Hope for paraplegic and quadriplegic patients to walk again

By Mark Waghorn via SWNS

Spinal cord injuries have been repaired in mice by reviving latent stem cells.

They turned into neurons called astrocytes that 'tile' the central nervous system.

The breakthrough offers hope for paraplegic and quadriplegic patients to walk again.

Corresponding author Professor Caetano Reis e Sousa said: "We hope studying these cells will help build a more complete picture of the role different types of stem cells play in repairing damage - which could have important implications for regenerative medicine."

Approximately 5.4 million people in the USA are living with paralysis, according to a study from the Christopher & Dana Reeve Foundation.

Sticky scar tissue prevents recovery by acting like glue - leading to loss of movement below the site.

Stem cells are the body's master cells - capable of becoming any type of tissue or organ.

In the skin and intestine, for example, stem cells are constantly active. But 'latent stem cells' lie waiting for harm to occur before being triggered.

Prof Sousa and his team identified a group that responds to injury in the central nervous system of mice.

They are part of the ependymal cells that line the walls of compartments in the brain and spinal cord that hold cerebrospinal fluid.

The team at the Francis Crick Institute in London, UK, hopes that a similar type exists in humans - opening the door to a potential cure for brain and spinal cord injuries.

Co-corresponding author Dr. Bruno Frederico said: "While we don't know if these cells exist in humans, if they do, it would be interesting to see if they also default to becoming astrocytes rather than neurons in response to damage.

"This might help explain why the mammalian central nervous system does not have a strong ability to repair itself after injury."

The cells were identified serendipitously during experiments on lab rodents. A fluorescence tool was looking for immune cells called dendritic cells in the brain.

They share a protein with the latter - and arise from embryonic progenitor cells. The study found they stay still and waft small hairs on their surface to help the flow of cerebrospinal fluid.

But in injured mouse spinal cords they respond by dividing - migrating towards the damaged area and differentiating into astrocytes, one of the major cell types of the nervous system.

The team also looked at these cells in detail in the lab and found they demonstrated key hallmarks of stem cell behavior.

They divided continuously over a long period of time and were also able to differentiate into all three main cell types of the central nervous system - neurons, astrocytes, and oligodendrocytes.

Dr. Frederico said: "If we could find a way to overcome the barriers that are stopping the differentiation into neurons and oligodendrocytes after spinal cord injury, it could present a new avenue of therapies to treat spinal cord injuries."

Unlocking the potential of these cells could help the body produce new neurons which are responsible for receiving and sending key signals for movement after spinal injury.

Prof Sousa said: "There was uncertainty over whether ependymal cells can have neural stem cell capabilities, but this study underscores their potential."

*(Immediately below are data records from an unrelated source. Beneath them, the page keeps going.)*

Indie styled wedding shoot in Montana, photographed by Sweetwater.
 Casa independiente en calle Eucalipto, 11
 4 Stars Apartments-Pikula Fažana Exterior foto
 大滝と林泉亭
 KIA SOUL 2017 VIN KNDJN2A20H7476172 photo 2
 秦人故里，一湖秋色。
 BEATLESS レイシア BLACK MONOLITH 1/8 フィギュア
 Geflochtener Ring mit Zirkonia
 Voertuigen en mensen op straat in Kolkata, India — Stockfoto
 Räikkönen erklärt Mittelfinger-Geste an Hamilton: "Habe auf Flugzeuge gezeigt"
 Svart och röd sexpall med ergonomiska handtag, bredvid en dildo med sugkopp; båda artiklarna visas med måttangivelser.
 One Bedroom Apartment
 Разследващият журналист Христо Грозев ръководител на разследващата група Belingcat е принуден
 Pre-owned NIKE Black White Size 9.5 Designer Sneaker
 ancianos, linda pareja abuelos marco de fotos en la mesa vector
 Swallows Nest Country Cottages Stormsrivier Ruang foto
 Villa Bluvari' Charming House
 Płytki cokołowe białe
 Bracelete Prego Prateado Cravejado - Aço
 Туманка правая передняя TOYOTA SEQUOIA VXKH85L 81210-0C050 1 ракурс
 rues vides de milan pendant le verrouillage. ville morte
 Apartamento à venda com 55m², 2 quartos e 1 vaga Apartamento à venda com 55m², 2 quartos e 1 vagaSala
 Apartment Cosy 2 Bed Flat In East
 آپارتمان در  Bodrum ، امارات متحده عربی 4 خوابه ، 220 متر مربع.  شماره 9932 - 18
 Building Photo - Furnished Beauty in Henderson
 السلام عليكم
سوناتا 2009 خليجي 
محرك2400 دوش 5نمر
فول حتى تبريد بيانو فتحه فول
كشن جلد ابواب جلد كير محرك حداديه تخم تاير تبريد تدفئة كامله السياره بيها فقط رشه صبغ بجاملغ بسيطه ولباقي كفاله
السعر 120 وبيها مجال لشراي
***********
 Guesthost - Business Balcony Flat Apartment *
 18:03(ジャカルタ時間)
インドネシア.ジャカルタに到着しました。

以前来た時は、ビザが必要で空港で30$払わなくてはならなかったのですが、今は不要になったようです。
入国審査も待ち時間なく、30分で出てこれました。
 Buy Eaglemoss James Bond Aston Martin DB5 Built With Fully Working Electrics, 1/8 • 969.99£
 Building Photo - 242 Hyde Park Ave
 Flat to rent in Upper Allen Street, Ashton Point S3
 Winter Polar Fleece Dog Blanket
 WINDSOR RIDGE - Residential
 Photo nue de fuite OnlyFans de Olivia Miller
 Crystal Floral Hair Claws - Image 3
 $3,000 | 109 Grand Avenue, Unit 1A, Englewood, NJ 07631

The study, published in the journal Developmental Cell, offers hope for the hundreds of thousands of people worldwide who suffer a spinal cord injury each year.

Cells in some tissues and organs proliferate after damage as part of the healing process. This does not apply to the spinal cord – a key roadblock to recovery.

The spinal cord is the key junction for the constant stream of electrical signals between the brain and the rest of the body.

Once harmed, injuries tend to be permanent because nerve cells cannot regenerate themselves.

Communication is then halted, leading to paralysis, loss of sensation and sometimes life-threatening consequences such as an inability to control breathing or heart rate.

Complete recovery from a spinal cord injury would have far-reaching social and economic benefits for millions of people.